Esta vez el olvido le causó tanta gracia que la solitaria carcajada
sacudió la cama y le extrañó que en la habitación vecina nadie
reclamara silencio. Se tranquilizó pensando que en algún lugar
de la valija que estaba en el avión, había una libretita con todos
los nombres, direcciones y teléfonos. Se dio vuelta bajo aquellas
extrañas sábanas con botones y acolchado, y experimentó un bienestar
semejante a cuando era niño y, después de una jornada invernal,
se arrollaba bajo las frazadas. Antes de dormirse, se detuvo un
instante en la imagen de Eduardo (inmovilizada en la foto de las
dunas, con el baldecito en la mano) pero la creciente modorra
le impidió advertir que no se acordaba de Clara.
A
la mañana siguiente, miró casi con cariño su muda ya francamente
sucia, por lo menos en los bordes del calzoncillo y en los tirantes
de la camiseta. Se lavó tímidamente los ojos, pero casi en seguida
tomó la atrevida decisión de no cepillarse los dientes. Volvió
a meterse en la cama hasta que el teléfono dio su cotidiano alerta.
Luego, mientras se vestía, consagró cinco minutos a reconocer
la bondad de la Compañía que financiaba tan generosamente la involuntaria
demora de sus pasajeros. "Siempre viajaré por LCA", murmuró en
voz alta, y los ojos se le llenaron de lágrimas. Por esa razón
tuvo que cerrarlos y cuando los abrió, lo primero que distinguió
fue el almanaque en el que no había reparado.

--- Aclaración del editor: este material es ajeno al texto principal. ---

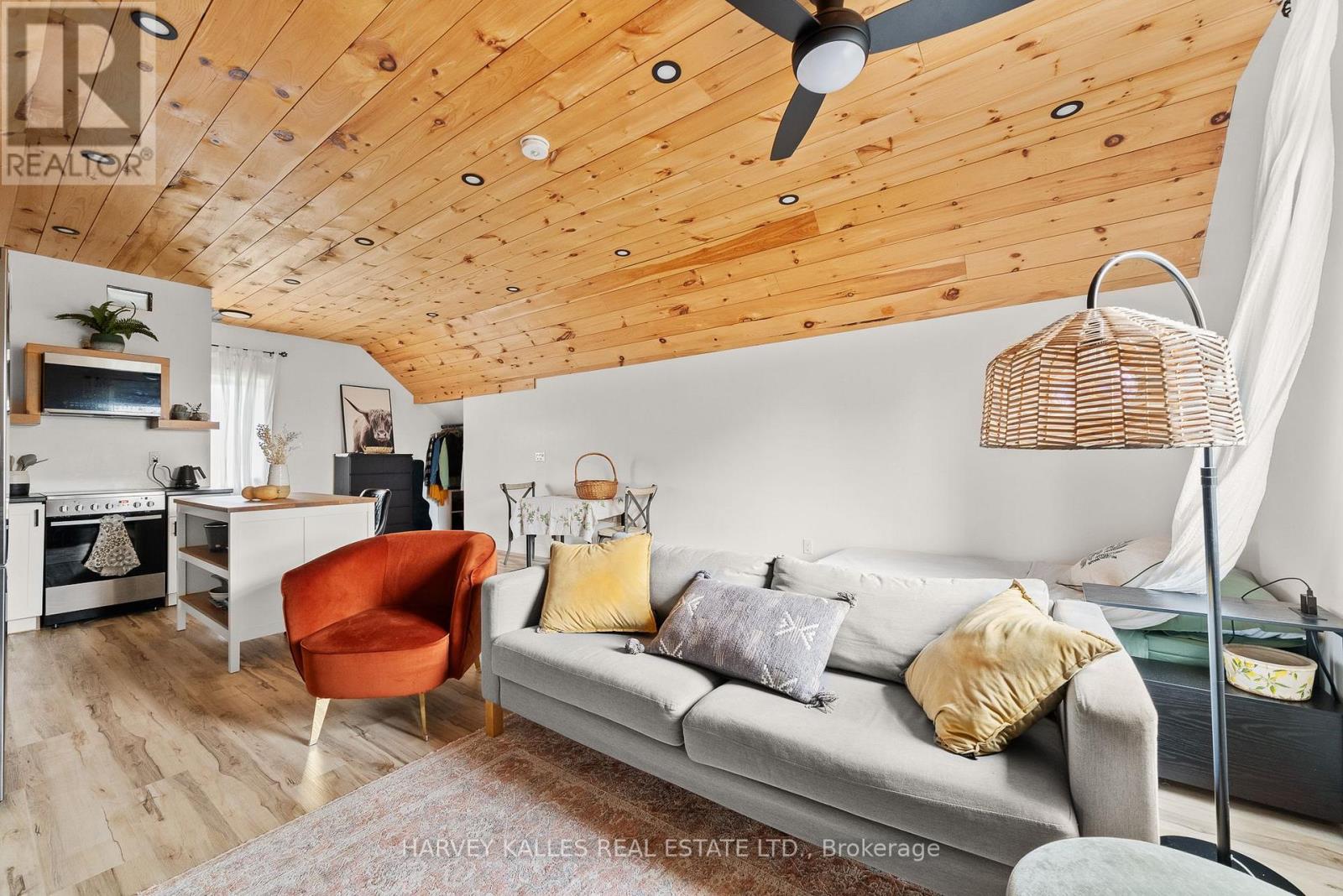 2100 County Rd 1 Road, Prince Edward County, Ontario  K0K 1G0 - Photo 34 - X12414971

En vez de jueves
7, marcaba miércoles 11. Saco la cuenta con los dedos, y decidió
que esa hoja debía pertenecer a otro mes, o a otro año. En ese
momento opinó mal de la rutina burocrática en los estados socialistas.
Luego se levantó, desayunó, tomó el ómnibus.
Esta
vez sí había agitación en el aeropuerto. Dos matrimonios, uno
chileno y otro español, protestaban ruidosamente por las sucesivas
demoras y sostenían que, desde el momento que ellos viajaban con
un niño y una niña respectivamente, ambos de pocos meses, la Compañía
debería ocuparse de conseguirles los pañales pertinentes, o en
su defecto facilitarles las valijas que seguían en el avión inmóvil.

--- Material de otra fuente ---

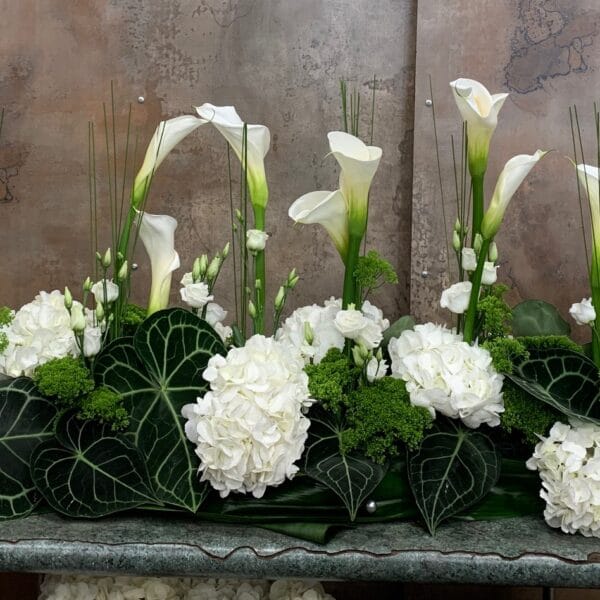 Arrangement autel moderne vert et blanc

La empleada que atendía el mostrador de LCA se limitaba a responder,
con una monotonía predominantemente defensiva, que las autoridades
de la Compañía tratarían de solucionar, dentro de lo posible,
los problemas particulares que originaba la involuntaria demora.
Involuntaria
demora. Demora involuntaria. Sergio escuchó esas dos palabras
y se sintió renacer. Quizá era eso lo que siempre había buscado
en su vida (que había sido todo lo contrario: urgencia involuntaria,
prisa deliberada, apuro, siempre apuro). Recorrió con la vista
los letreros del aeropuerto en lenguas varias: Sortie, Arrivals,
Ausgang, Douane, Departures, Cambio, Harren, Change, Ladies, Verboten,
Transit, Snack Bar. Algo así como su hogar.
De
vez en cuadno una voz, siempre femenina, anunciaba la llegada
de un avión, la partida de otro. Nunca, por supuesto, del vuelo
914 de LCA, cuyo paralizado, invicto avión, seguía en la pista,
cada vez más rodeado de mecánicos en overalls, largas mangueras,
jeeps que iban y venían trayendo o llevando nuevos operarios,
o tornillos, u órdenes.
"Sabotaje,
esto es sabotaje", pasó diciendo un italiano enorme que viajaba
en primera. Rivera tomó sus precauciones y se acercó al mostrador
de LCA. De ese modo, cuando el parlante anunciara la nueva demora
involuntaria, él estaría en el primer sitio para recoger el vale
correspondiente a cena, habitación y desayuno.